┌──

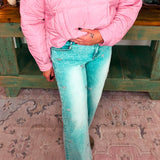 Bow Embellished Straight Leg Jeans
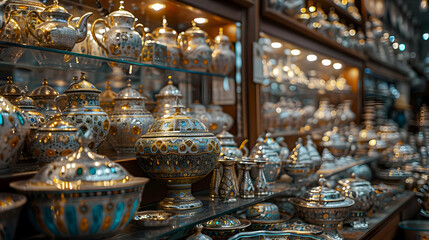 Fototapeta premium Ornate Silver Teapots and Serving Dishes Displayed in a Shop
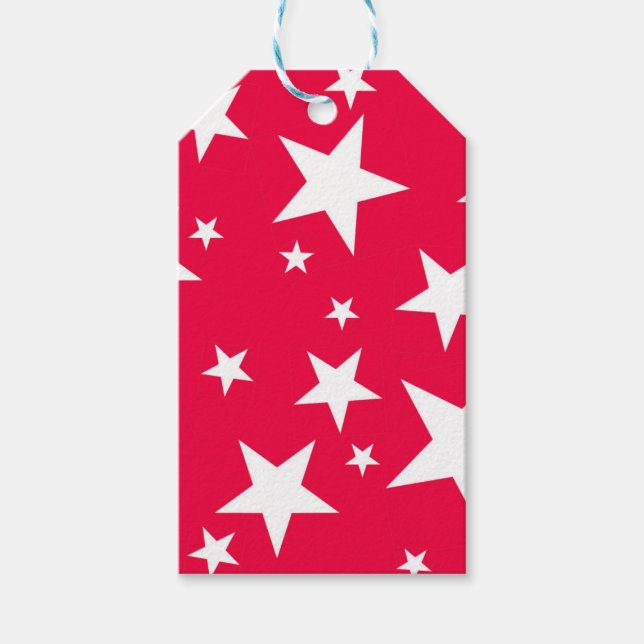 Elegant av Red White Stars-julmall Presentetikett (Framsidan)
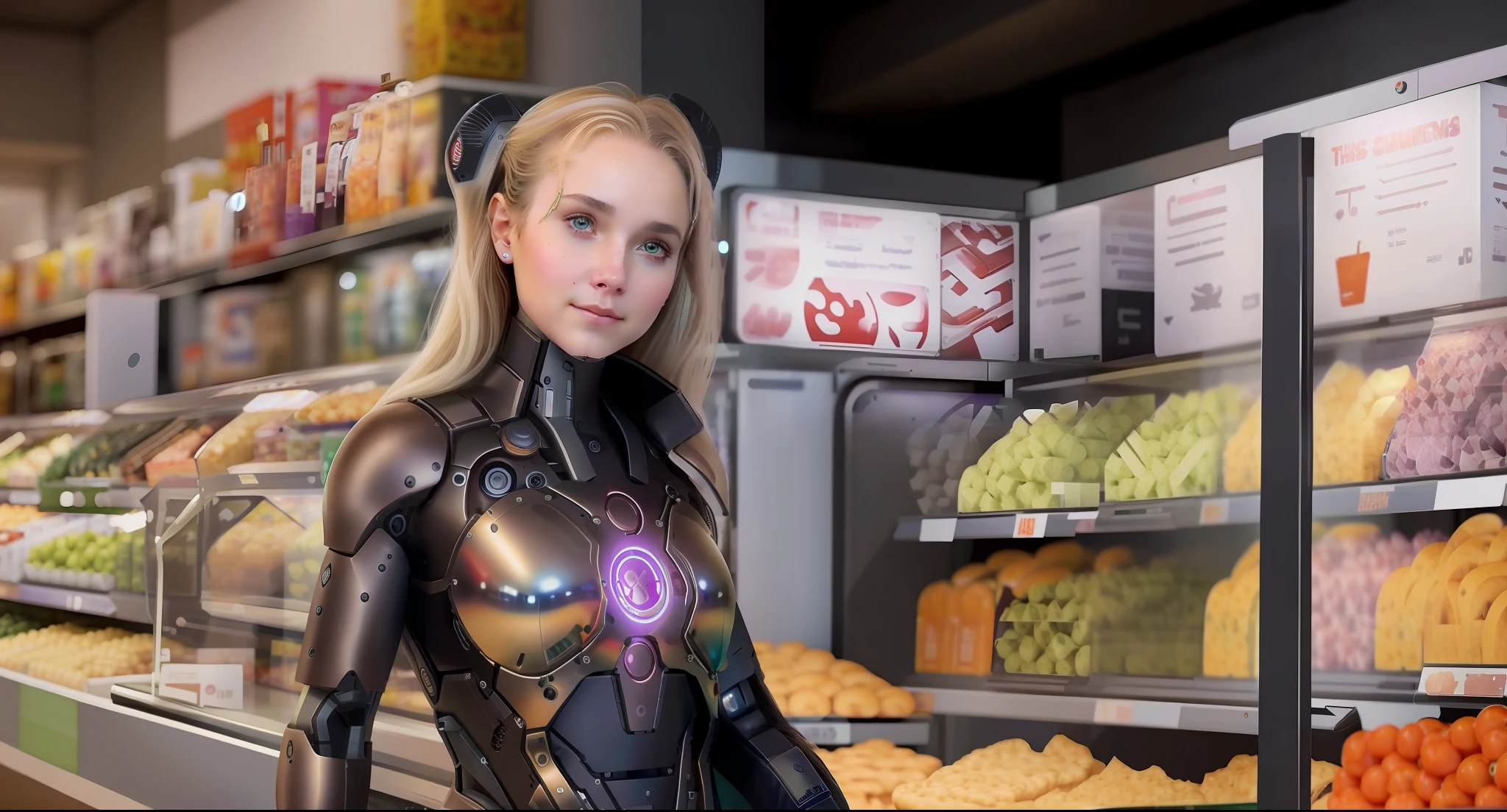 (Masterpies), the best quality, a mesmerizing cyborg girl, she stands at the checkout counter in the grocery store, scans the goods at the checkout, food racks and other customers are visible in the background, neutral dark tone.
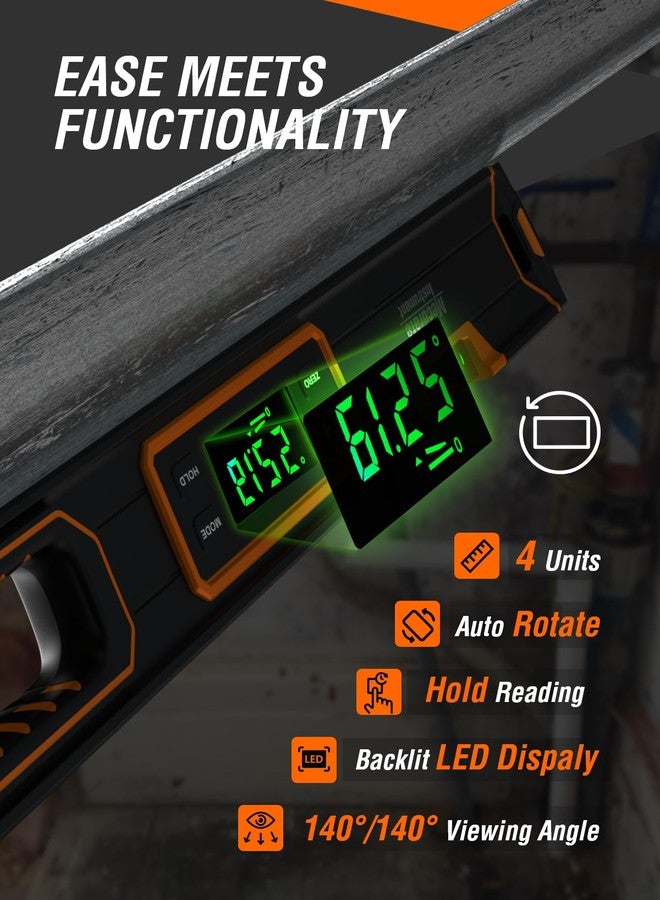 Mecurate 24-Inch Digital Level, Professional Smart Precision Torpedo Level Tool, Bright LCD Display, Audible Alerts, Magnetic Bottom, Dust Water Resistant, with Carrying Case - Image 3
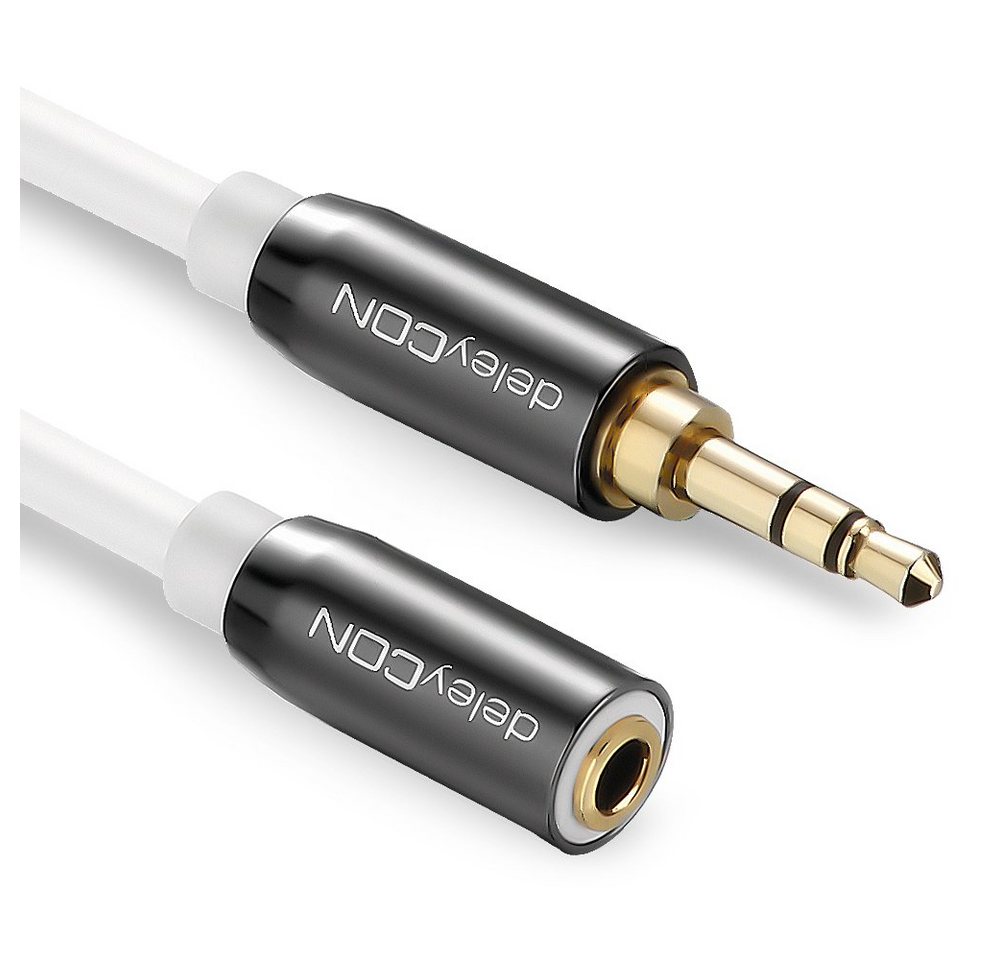 deleyCON deleyCON 3m Klinkenverlängerungskabel weiß 3,5mm Stecker zu Buchse Audio-Kabel Bild 5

└──

From the line containing "Mecurate 24-Inch Digital" to the final line of the entries, both included, transcribe every line exactly, omit the pictures, and add nothing more.

 Mecurate 24-Inch Digital Level, Professional Smart Precision Torpedo Level Tool, Bright LCD Display, Audible Alerts, Magnetic Bottom, Dust Water Resistant, with Carrying Case - Image 3
 deleyCON deleyCON 3m Klinkenverlängerungskabel weiß 3,5mm Stecker zu Buchse Audio-Kabel Bild 5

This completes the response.